Mame Moda Tarantismo tra esoterismo e costumi di scena. Ernesto de Martino
Ernesto de Martino, autore de “La terra del rimorso”

Parlare di tarantismo, ad ogni modo, non è pratica semplice visto lo scontro rituale-scientifico in atto da secoli or sono.

Gli abitanti della penisola salentina, infatti, sono ancora fermamente convinti che il morso della taranta e i sintomi da lei scatenata, non fossero legati ad un problema socio-culturale, piuttosto, appunto, al morso dell’aracnide.

L’aspetto folkloristico è stato tramandato oralmente da chi ha vissuto l’esperienza sulla sua pelle ma molte sono le testimonianze fotografiche e scritte a noi pervenute.

Come sopracitato, Ernesto de Martino fu tra i primi a interessarsi del fenomeno.

Nel saggio “La terra del rimorso”, lo studioso napoletano getta ombre e dubbi sulla pratica esoterica che orbitava, appunto, nel tarantismo.

Con la sua équipe di lavoro visse a stretto contatto con i “contagiati” giungendo a conclusione che il tarantismo non era un rito legato alla Chiesa piuttosto una manifestazione di disturbo mentale alimentata dalla regressione socio-culturale che colpiva gli analfabeti.

I paesi più colpiti erano limitrofi alla cittadina di Galatina, graziata da San Paolo, patrono della città e delle tarantate.

Qui, nel centro storico, tutti gli scazzacati sopraggiungevano su un calesse o dopo un lungo pellegrinaggio dal proprio paese di origine, lungo le vie sterrate che conducevano a Galatina.

Il luogo deputato per esorcizzare i malcapitati era una piccola chiesa risalente al XVIII, meglio conosciuta come “Cappella delle Tarante“.

Questo tempietto era teatro di spettacoli ludici che spesso impressionavano gli spettatori.

La catarsi era raggiunta dopo vari esperimenti coreutici-musicali attraverso il suono di un violino o di un tamburello.

Il musicante più apprezzato negli anni a cavallo con i Sessanta era Luigi, un violinista neretino che con la sua banda si recava a dare il suo apporto musicale ai malati, esorcizzando, dunque, i loro sintomi.

 

Intesa San Paolo per la Notte della Taranta di Melpignano. 

 

 

Il Tarantismo e il costume.

Il costume dei tarantati era abbastanza modesto, immagine delle precarie condizioni economiche in cui erano costretti a vivere.

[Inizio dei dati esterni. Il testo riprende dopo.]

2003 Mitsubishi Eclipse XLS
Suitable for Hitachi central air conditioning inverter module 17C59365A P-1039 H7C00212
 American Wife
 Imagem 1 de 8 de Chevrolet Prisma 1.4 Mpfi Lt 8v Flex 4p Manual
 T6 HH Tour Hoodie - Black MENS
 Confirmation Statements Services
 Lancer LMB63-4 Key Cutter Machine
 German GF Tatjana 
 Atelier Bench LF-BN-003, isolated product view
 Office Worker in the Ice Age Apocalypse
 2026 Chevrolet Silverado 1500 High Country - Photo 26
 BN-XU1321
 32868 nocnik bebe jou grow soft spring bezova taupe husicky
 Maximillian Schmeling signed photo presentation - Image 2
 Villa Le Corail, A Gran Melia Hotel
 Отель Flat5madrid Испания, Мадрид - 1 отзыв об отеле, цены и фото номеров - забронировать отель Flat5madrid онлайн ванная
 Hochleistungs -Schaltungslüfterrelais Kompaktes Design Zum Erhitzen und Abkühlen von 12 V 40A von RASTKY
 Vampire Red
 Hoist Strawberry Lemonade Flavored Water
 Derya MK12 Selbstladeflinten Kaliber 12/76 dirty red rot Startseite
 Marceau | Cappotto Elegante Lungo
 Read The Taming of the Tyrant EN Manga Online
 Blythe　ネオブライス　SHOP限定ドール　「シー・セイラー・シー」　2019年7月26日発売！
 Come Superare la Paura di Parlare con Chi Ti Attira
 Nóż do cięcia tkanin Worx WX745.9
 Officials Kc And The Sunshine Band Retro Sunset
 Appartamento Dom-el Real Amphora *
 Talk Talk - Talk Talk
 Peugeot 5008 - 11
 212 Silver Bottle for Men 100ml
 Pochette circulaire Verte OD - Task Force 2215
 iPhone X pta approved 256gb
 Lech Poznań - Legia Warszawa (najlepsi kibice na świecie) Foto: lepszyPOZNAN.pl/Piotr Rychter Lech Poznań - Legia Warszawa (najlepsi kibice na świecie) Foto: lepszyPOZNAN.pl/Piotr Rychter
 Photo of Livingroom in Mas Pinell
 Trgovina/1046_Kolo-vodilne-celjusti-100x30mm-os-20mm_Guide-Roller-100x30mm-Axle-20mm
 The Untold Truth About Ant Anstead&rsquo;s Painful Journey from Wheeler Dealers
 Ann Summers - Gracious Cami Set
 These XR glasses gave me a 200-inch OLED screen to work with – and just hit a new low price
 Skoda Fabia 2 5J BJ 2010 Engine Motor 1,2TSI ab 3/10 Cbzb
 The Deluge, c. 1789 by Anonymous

Le donne al primo menarca erano maggiormente colpite da questo fenomeno ma non mancavano anche gli uomini seppur con una bassa incidenza rispetto il sesso femminile.

Le donne erano solite indossare una vestaglia bianca, realizzata in cotone o lino.

Questo indumento, così intimo quanto peccaminoso, era spesso impreziosito da ricami ton sur ton.

Queste decorazioni erano operate mediante punto pieno, a intaglio o a uncinetto, e rifinite con punto giorno ai bordi dell’orlo della gonna o delle maniche.

I piedi erano scalzi e tendenzialmente non indossavano accessori al fine di non ferirsi durante lo spettacolo.

Anche i capelli erano tenuti sciolti. La chioma incolta eccedeva nel creare maggiore misticismo all’azione e allo spettacolo stesso.

Perché le tarantate non amavano i colori?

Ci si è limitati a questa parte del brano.